_Data in this exercise_:
--------------------------------

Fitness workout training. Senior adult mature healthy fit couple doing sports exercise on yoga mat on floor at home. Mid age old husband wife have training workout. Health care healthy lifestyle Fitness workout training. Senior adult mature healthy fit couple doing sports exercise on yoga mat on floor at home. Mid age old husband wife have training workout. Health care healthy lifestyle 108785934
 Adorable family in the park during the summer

--------------------------------

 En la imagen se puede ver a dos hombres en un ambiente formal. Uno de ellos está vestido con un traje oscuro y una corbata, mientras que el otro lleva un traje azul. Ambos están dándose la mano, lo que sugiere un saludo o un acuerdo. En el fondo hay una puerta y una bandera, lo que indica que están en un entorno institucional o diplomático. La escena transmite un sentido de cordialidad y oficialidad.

--------------------------------

_Your task_: Scan the entries above for the line containing "healthy lifestyle 108785934", and copy it and all lines after it exactly, down to and including the line containing "Adorable family in".

_Output below_:
Fitness workout training. Senior adult mature healthy fit couple doing sports exercise on yoga mat on floor at home. Mid age old husband wife have training workout. Health care healthy lifestyle Fitness workout training. Senior adult mature healthy fit couple doing sports exercise on yoga mat on floor at home. Mid age old husband wife have training workout. Health care healthy lifestyle 108785934
 Adorable family in the park during the summer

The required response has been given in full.